Barco Negro - Composição de David Mourão- Ferreira para a voz de Amália Rodrigues
Na minha cidade, na semana passada um pescador desapareceu quando o barco em que pescava foi frágil demais perante a força das águas do mar revolto e irado. As praias encheram-se de gente curiosa, de amigos, de familiares, de profissionais que têm usado todos os meios terrestres, aquáticos ou aéreos para resgatar o corpo do jovem homem. Dias houve em que a força das correntes e a altura das ondas alterosas tornaram impossível que alguém entrasse no mar, que sequer o desafiasse... Restava aguardar. As praias têm sido policiadas numa atitude de passividade, a única possível, na esperança de que o cadáver dê à costa. Li num dos jornais locais que a mãe do pescador desaparecido permaneceu longo tempo sobre a areia, louca de dor, chorando e gritando, implorando ao mar sagrado que lhe devolvesse o seu menino... Possivelmente a mulher e os filhos contarão as horas do dia e da noite, imaginando o corpo amado aos tombos na água gelada, desfazendo-se aos poucos, ou encarcerado nas profundezas do oceano... E a mim parece-me uma dor infinita, esta de não se ter a certeza se aquele que amam lhes será devolvido algum dia, nos próximos dias ou quem sabe, nas próximas horas... É uma dor sem fundo... como o mar infinito e sagrado cujos confins se desconhecem mas que nós homens, mesmo assim, nos atrevemos a desafiar. A mim parece-me uma dor negra e sem fim, a da espera noite após noite, de olhos abertos no escuro, numa eterna e desesperada oração, pedindo a Deus ou à água negra que deite fora aquele que roubou ao coração de quem o ama tanto. Pelo menos para que o vejam pela última vez, se despeçam dele e o devolvam à terra que o tranformará em pó. Porque quem o ama sabe que só assim ele descansará em paz.
10 comentários:
Estranha forma de vida, a dos poveiros...Amam o mar ao ponto de lhe morrer no regaço...
Texto triste, mas bonito.
Os meus pêsames à família. Oxalá se encontre o corpo logo.
Bjo
Da vastidão dos céus à vastidão do mar.
Em ambos, há ir e voltar.
Sem demorar.
Mesmo que seja num triste regressar.
Duma dor tão profunda.
Tão profunda como o mar.
Há ir e voltar, oh mar, oh mar.
Do muito te amar,
Não te quero odiar.
Devolve-me o que aí jaz,
Para que possa ter paz.
E ainda assim,
Te continuar a amar,
Oh mar! Oh mar!
***
Gostei do vídeo, acho que o vou postar.
Saga violenta, amiga, esta dos "homens do mar"!
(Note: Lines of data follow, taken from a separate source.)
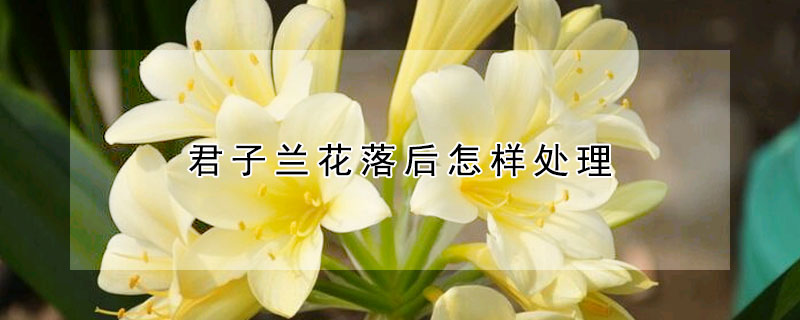 君子蘭花落后怎樣處理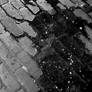 Galaxies in Puddles III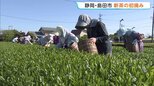 静岡・島田市で新茶の初摘み　本格的新茶シーズン前に露地栽培の「さえみどり」摘む　摘み取られたお茶は全国へ|TBS NEWS DIG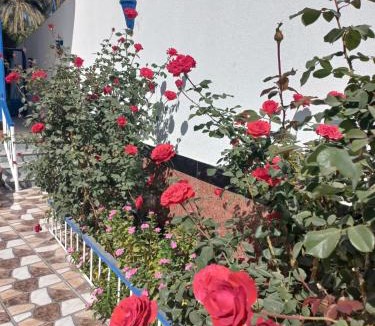 Luxor Apartment | Villa Kaslan Apartments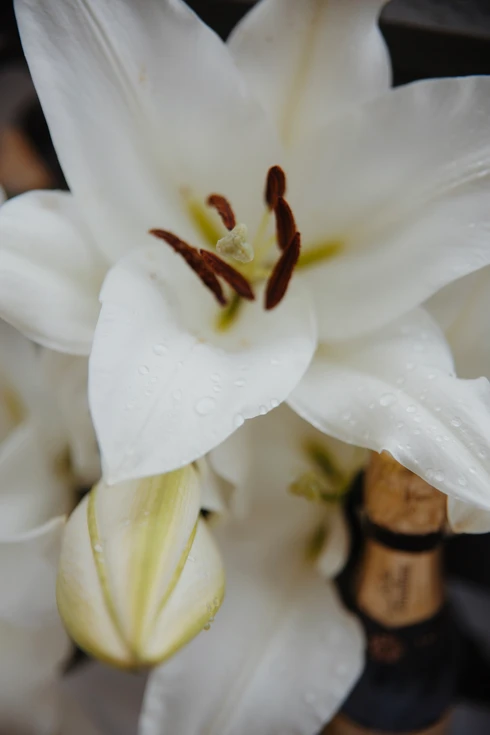 Hôtel Waldorf Montparnasse - chambre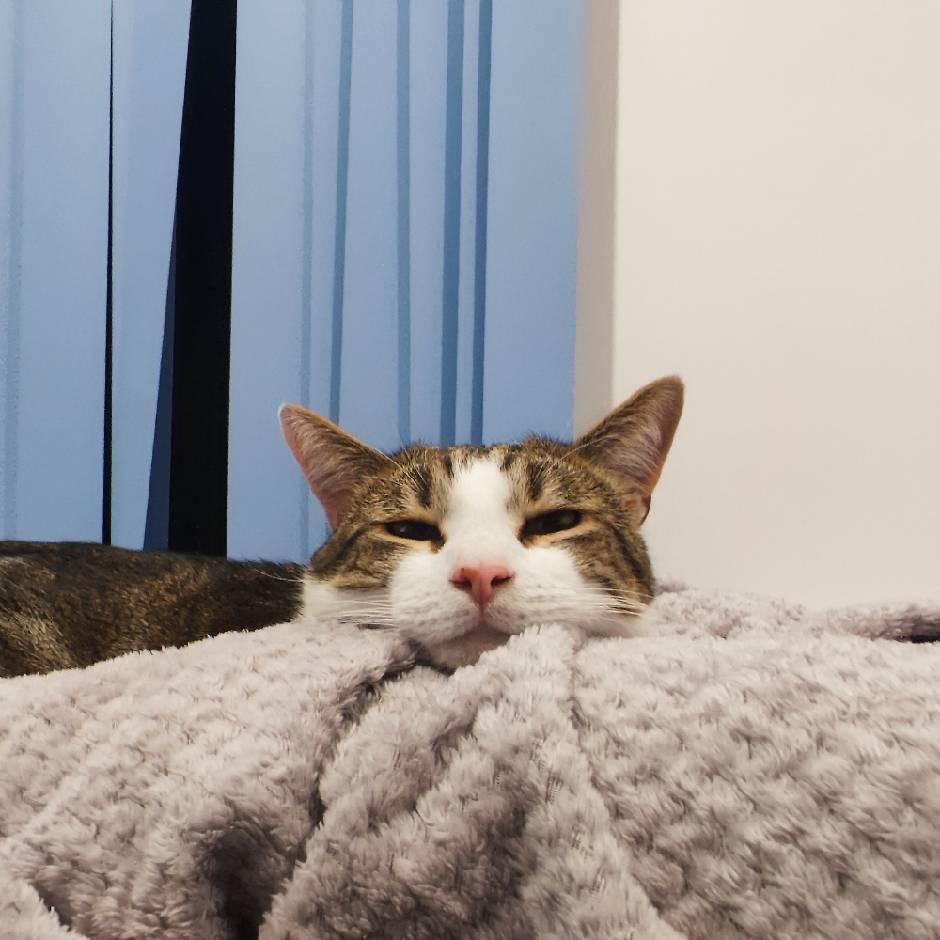 一只Lio（招财🐱）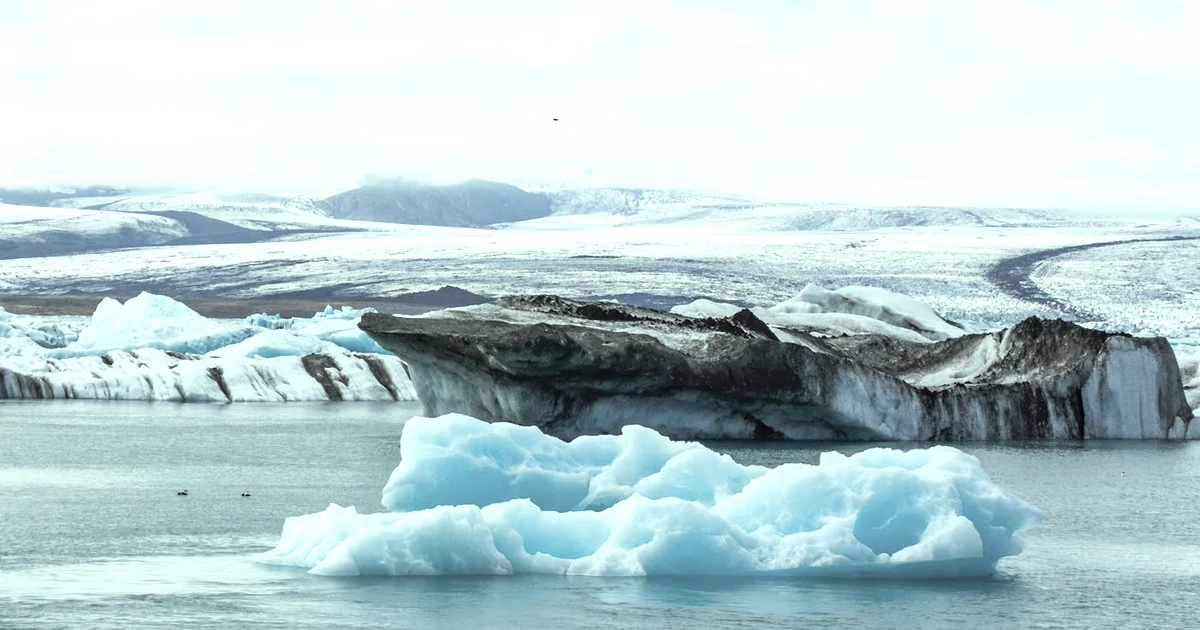 What Is the 90-Second Rule for Emotions? (And How to Use It) — Emotional Resilience article hero: outdoor nature only (no people): trees, plants, flower…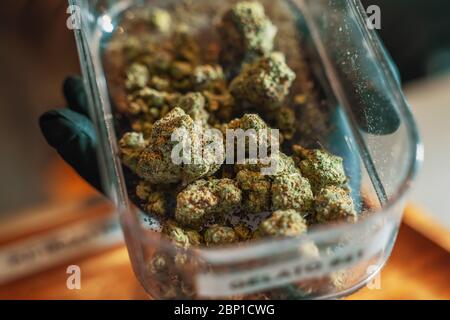 Marijuana or Cannabis flower buds in box of seller hand in Coffeeshop, close up. Stock Photo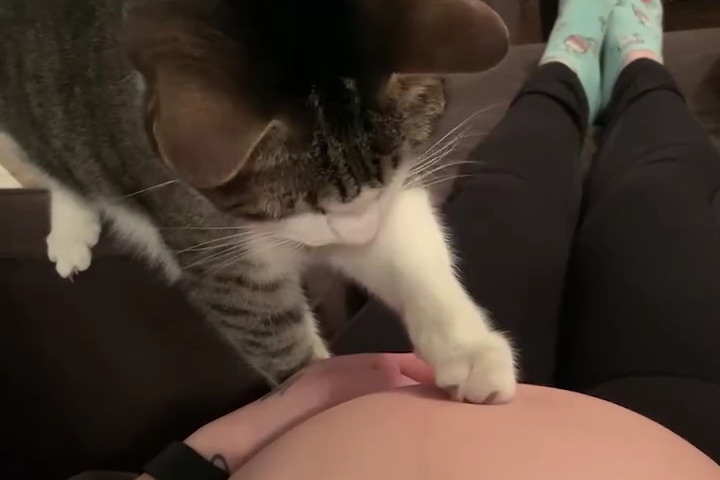 Khoảnh Khắc Mèo Nhà Tôi Nhận Ra Tôi Mang Thai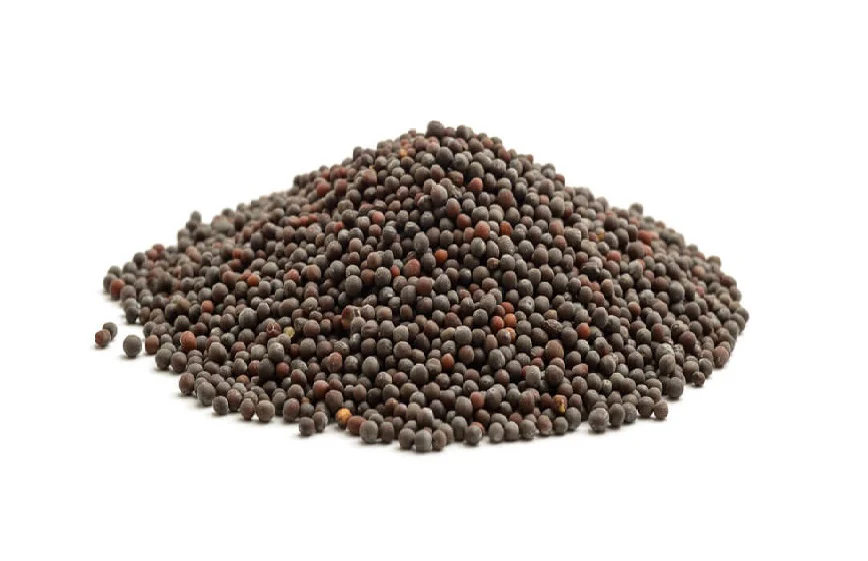 Mustard Seeds Brown Organic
Dilema difícil o de quem do mar, imensamente belo, tem paixão e, simultaneamente, temor!
E, quando "rouba" vidas, por vezes tão jovens, parece não as querer devolver, prolongando a dor dos que ficam!
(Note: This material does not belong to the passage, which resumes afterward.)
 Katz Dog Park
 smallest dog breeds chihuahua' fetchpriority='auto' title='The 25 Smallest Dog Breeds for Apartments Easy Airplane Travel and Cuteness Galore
Belo texto, duramente realista.
Beijinhos
Ana Paula, um texto triste, triste, negro! O meu abraço a todas as gentes do mar.
Não só os poveiros, Pedro. É assim com todas as gentes do mar.
Um beijo
Olá Olga, obrigada pela visita e pelas palavras.
O corpo do pescador desaparecido apareceu hoje. Agora a família e ele já podem descansar.
Um beijo
Joe, o vídeo é lindo sim, e as palavras do David Mourão-Ferreira também. Assim como as tuas :)
Obrigada pela partilha.
Quicas, é realmente assim, o nosso mar infinito e sagrado...
Um beijo
Obrigada pela visita e pelas palavras, ORPHEU.